Témoignage de Raymonde, résidente à Petites Soeurs des Pauvres

Dernière mise à jour : 18 sept. 2021

Ça fait longtemps que vous êtes ici ?


Oh, ça fait pas longtemps, ça fait, ici, ça doit faire un peu plus d’un mois maintenant. Le 11 avril, alors vous voyez…


Vous êtes une nouvelle alors…


Ah oui oui oui, c’est pour ça que je suis un peu, un peu perdue. Parce que j’ai fait quand même, j’ai eu beaucoup d’ennuis de santé, depuis, oui depuis que je suis vraiment à la retraite, alors je suis un peu perdue. Mais là je pense que ça va aller mieux parce que on m’a changé de restaurant (Raymonde parle des cantines aux PSDP).


Moi, ça ferme pas ici.. (Ici Raymonde parle de sa chambre, car entre temps sa voisine est venue)

Ça me fait bizarre, parce que moi quand j’étais jeune jamais on a laissé ouvert la nuit, alors ça me, je sais pas, quand j’entends du bruit la nuit, ça me fait un peu peur..


Alors vous étiez une famille nombreuse ?


On était 7 enfants ! Rien que ça ! C’est pour ça moi je me suis pas mariée, parce que on nous expliquait rien autre fois, vous saviez pas comment vous étiez faite ni rien, c’était comme ça à l’époque…je trouve c’est, c’est stupide tout ça ! Bah oui justement parce qu’on aurait besoin, justement de savoir un minimum au moins. Fin vous ça doit être déjà bien différent, avec votre génération et puis vous êtes peut-être née en ville..

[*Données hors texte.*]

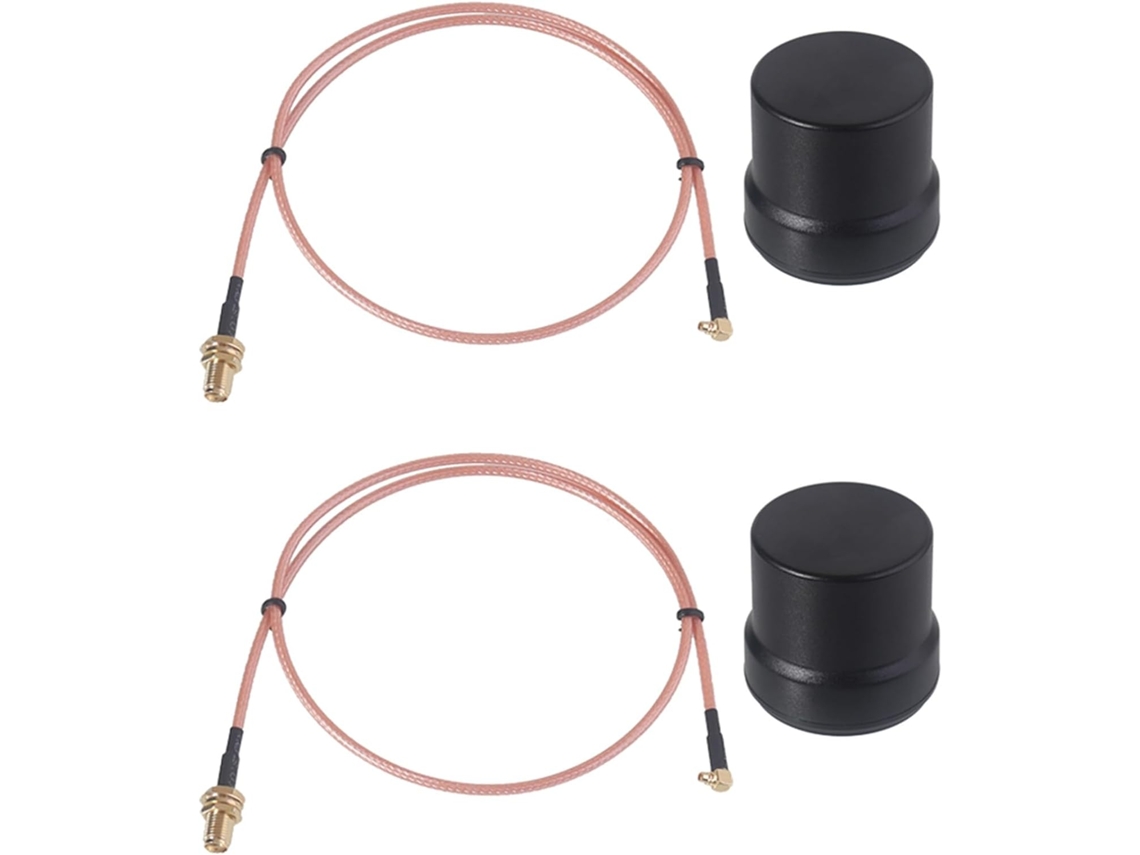 Antenas Helicoidales Activas Gnss Rtk Ha-901a Gps Glonass Para Um980 Um982 Um960 Um981 Zed-f9p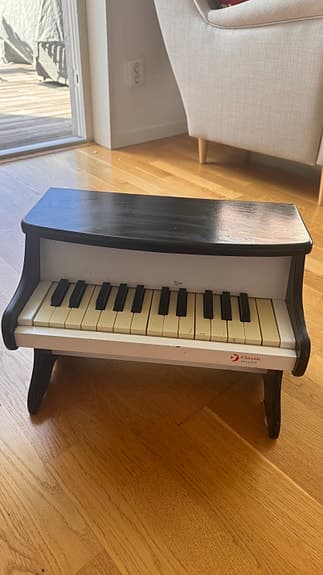 Classic World träpiano för barn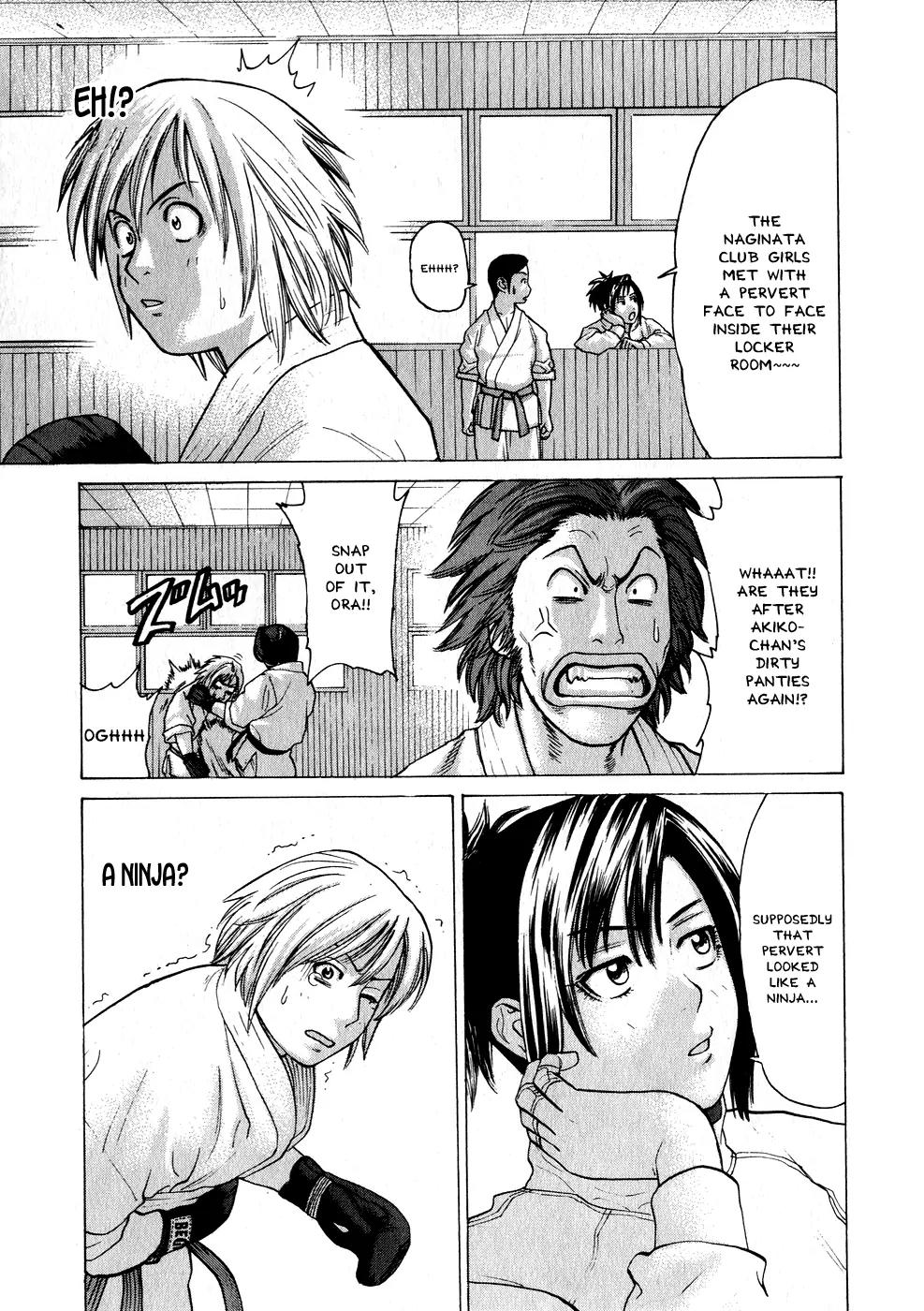 Karate Shoukoushi Kohinata Minoru Chapter 67 page 9 - Chapter 67: Enter the Ninja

Oui, vous êtes née à la campagne vous ?


Bah bien sur, dans un petit village de 900 habitants, à l’époque je m’en rappelle, alors j’y suis pas restée parce que j’ai pas eu envie, j’ai vu tellement maman batailler… Enfin, elle nous a élevé, on avait pas l’eau sur l’évier bien sur, à l’époque. Mais on en avait dans une, comment on appelle ça… elle lavait dans une benne, dans une arrivée d’eau. Et elle a tout à laver à la main, et elle faisait la cuisine, et… oh non j’ai pas eu envie de cette vie-là même que je comprenais pas très bien à l’époque, et non non j’ai pas voulu rester, non, non j’ai pas voulu rester. Je voulais pas rester à la campagne parce que je l’ai vue trop peiner, tellement. Elle est morte, elle avait 70 ans, elle avait un cancer que j’ai eu aussi.


Que vous avez eu aussi ?


Oui, mais plus tard, un cancer d’un sein. Mais moi j’ai été soignée dès le départ, elle, elle craignait beaucoup, elle craignait beaucoup les voitures. Elle supportait pas non, elle faisait 8 km allé, 8 km retour pour nous acheter un manteau de temps en temps, on se le passait. Alors non je n’ai pas eu envie de cette vie. A lors j’avais plutôt envie d’aller en ville. C’est vrai à la campagne, oh oui à l’époque, elle a peiné (ici Raymonde parle toujours de sa mère, elle en parle beaucoup). Alors moi, j’ai pas eu envie de cette vie..


Et du coup vous êtes partie en ville ?


Oui, quand j’ai pu, parce que là aussi, y avait pas de cars, puis enfin ça coute cher.. Y avait un car qui allait pour le marché, le mardi. Mais elle (toujours sa maman) aurait pu faire ça, c’était quand même un allé, un retour. Alors j’ai pas eu envie d’une vie comme ça, je l’ai vu trop peiner. J’ai compris beaucoup de chose plus tard mais bon… Et oui,.. c’était pas le rêve non plus autrefois, surtout pour les femmes. Surtout si les hommes étaient un peu dur, qui se rendent pas compte aussi… Mon père avait son dimanche, fin il prenait du temps, maman elle arrêtait pas, elle arrêtait pas ! Il fallait faire la cuisine, il fallait allé ramasser les légumes, oh non, ouh la la, vous savez j’ai pas eu envie…. Puis on était nombreux alors… il aurait pu faire attention quand même (elle parle de son père)… mais est-ce qu’il savait seulement ? Vous savez, j’en sais rien ah ah… alors voilà.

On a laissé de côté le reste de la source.